We try to avoid explicit political commentary here at SSC – it’s guaranteed to tick off someone, and we’re not in the business of ticking people off. We’re in the business of promoting and facilitating sustainability! So we’ll keep our little green hands away from the conversation about the current debt-ceiling crisis. Let’s just say that President Obama and Speaker Boehner are both very well dressed men, and leave it at that.
(Of course, if either of them are reading this, and want to learn more about energy efficiency strategies for the White House or Capitol building, our email is email@example.com, or learn how to conduct their very own energy audit!)
The crisis got us thinking, however. One of the reasons the sustainability movement has taken off, is the ability of its advocates to work together towards a common goal – something our elected representatives seem to have a hard time doing. And while the eyes of the world look to Washington and see political maneuvering and other tomfoolery, we want to highlight a group of people dedicated to collaboration.
SSC has partnered with the Efficiency Exchange (EEx), a sustainable solutions provider that helps Chinese factories reduce energy consumption, to conduct a Retail Supply Chain Sustainability Research Project. The project, in conjunction with the University of Maryland Smith School of Business and the George Washington University School of Business, aims to gather and analyze supply chain data from retailers throughout the US who engage in sustainability initiatives. EEx hopes to gain insight from these retailers and their suppliers to develop a comprehensive study showcasing the most forward thinking and innovative practitioners of the sustainability movement.

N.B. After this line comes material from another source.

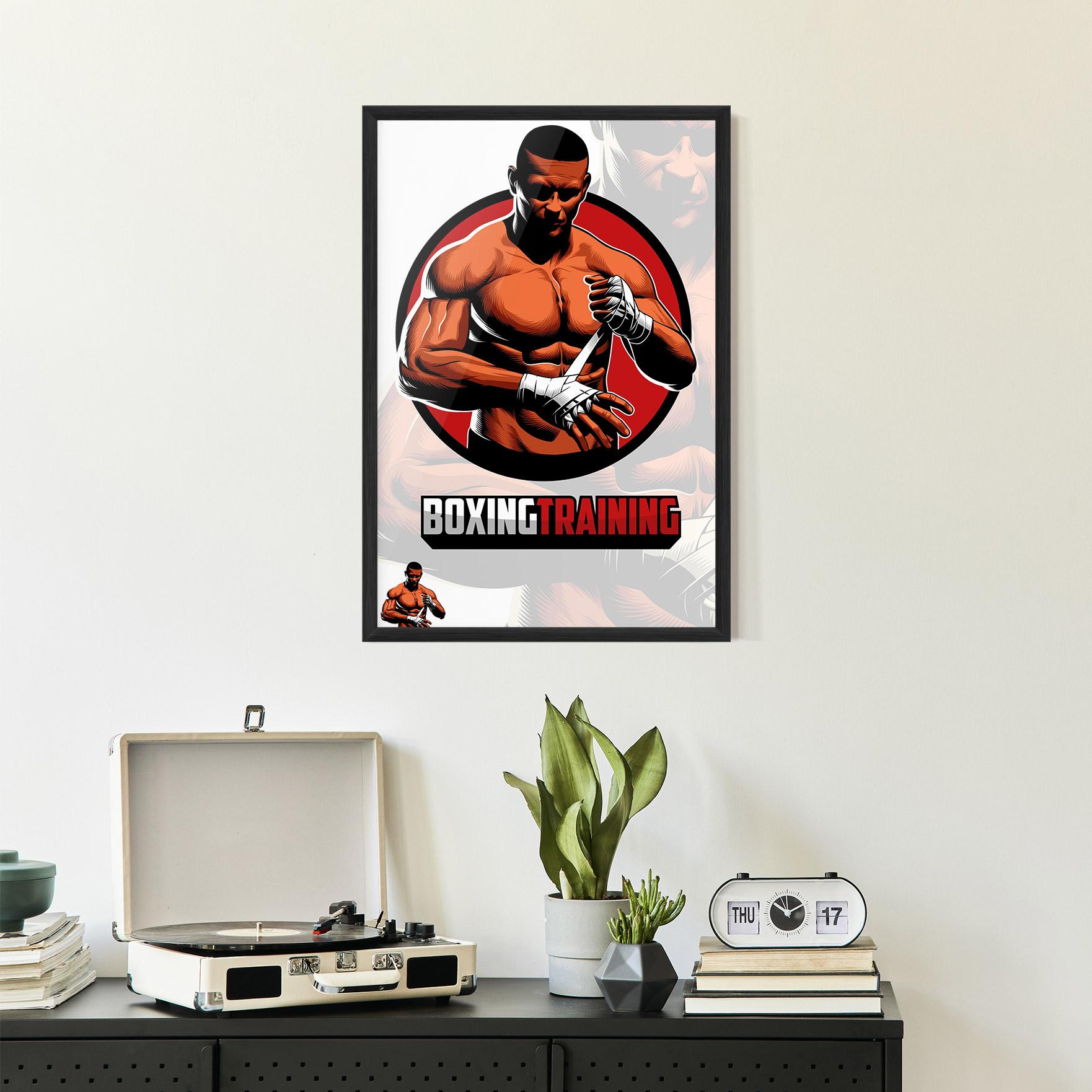 Gerahmte Poster Training Fighter mockup 2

Working with EEx is a great example of why we love our jobs – we get to work with the best and brightest minds in the area with a common goal of global impact. Value chains have expanded at unprecedented speeds over the last few decades; those fancy pants you’re wearing may have traveled through four continents in production, and might contain materials from ten different countries. The US imports more goods from China than it does from any other country; this makes it critically important to generate sustainability best practices for Sino-American supply chains.
EEx’s project will extend from Greenwich Village to Shenzhen, China. As supply chains lengthen and logistics grow more complex, SSC will continue to bring industry-leading insight from around the world into workplaces around the country. So maybe, just maybe, those expensive suits that Obama and Boehner wear will not only look good, but be sustainable as well!